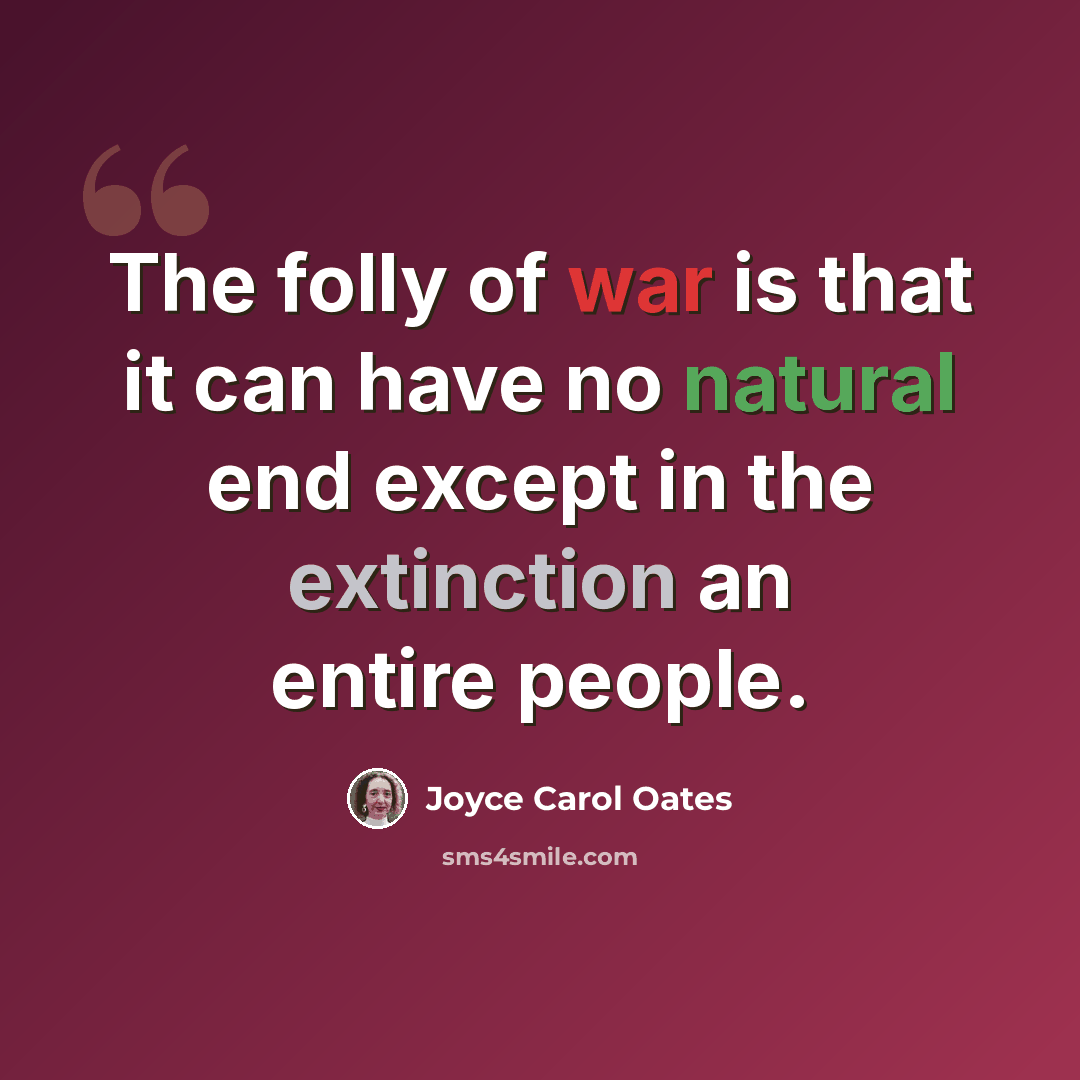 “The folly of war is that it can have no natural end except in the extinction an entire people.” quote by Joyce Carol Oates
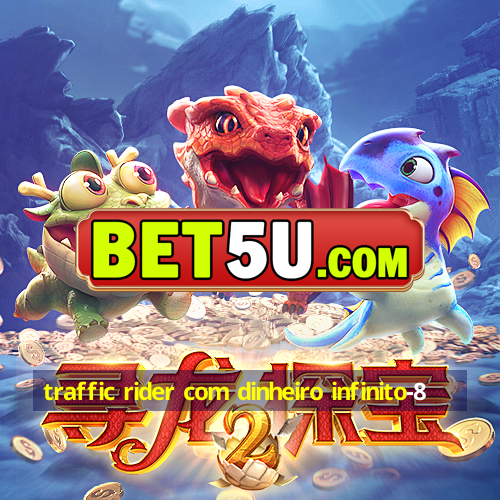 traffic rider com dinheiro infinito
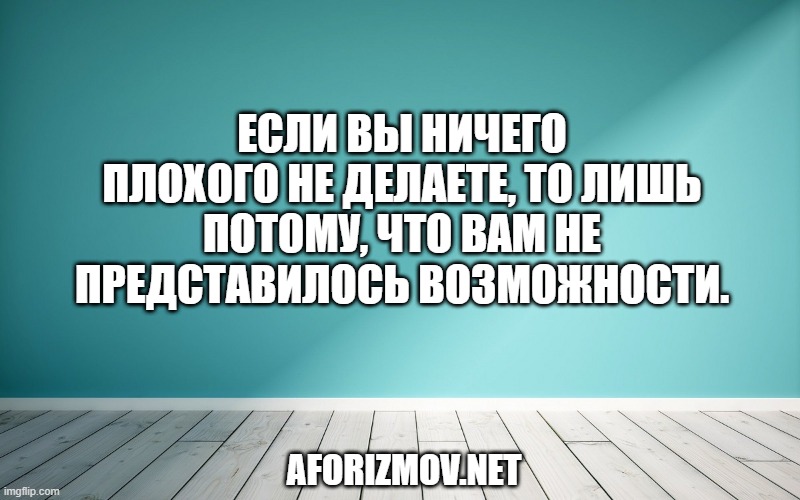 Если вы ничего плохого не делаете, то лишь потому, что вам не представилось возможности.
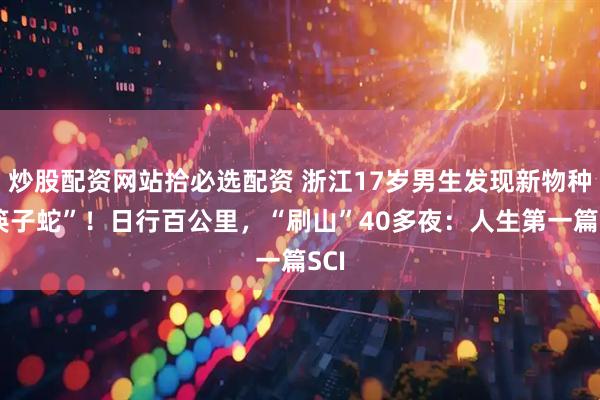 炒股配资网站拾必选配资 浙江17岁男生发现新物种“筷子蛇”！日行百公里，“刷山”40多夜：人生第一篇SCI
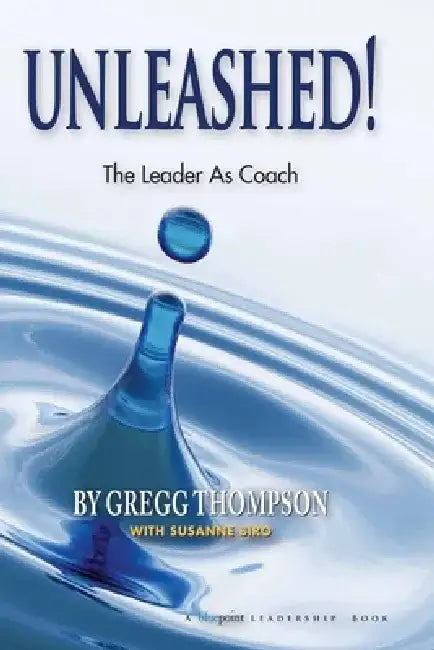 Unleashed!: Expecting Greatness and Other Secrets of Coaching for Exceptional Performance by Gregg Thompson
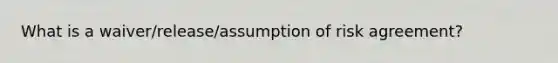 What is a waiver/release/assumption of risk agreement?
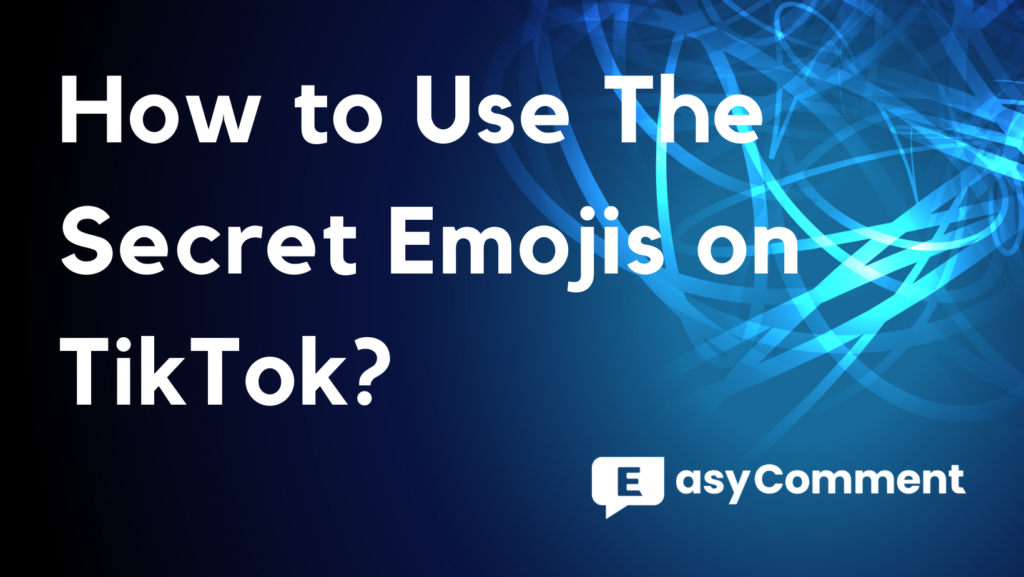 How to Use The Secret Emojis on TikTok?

# # # # #

Please copy the data shown above, line by line and exactly, omitting the images.

 “The folly of war is that it can have no natural end except in the extinction an entire people.” quote by Joyce Carol Oates
 traffic rider com dinheiro infinito
 Если вы ничего плохого не делаете, то лишь потому, что вам не представилось возможности.
 炒股配资网站拾必选配资 浙江17岁男生发现新物种“筷子蛇”！日行百公里，“刷山”40多夜：人生第一篇SCI
 Unleashed!: Expecting Greatness and Other Secrets of Coaching for Exceptional Performance by Gregg Thompson
 What is a waiver/release/assumption of risk agreement?
 How to Use The Secret Emojis on TikTok?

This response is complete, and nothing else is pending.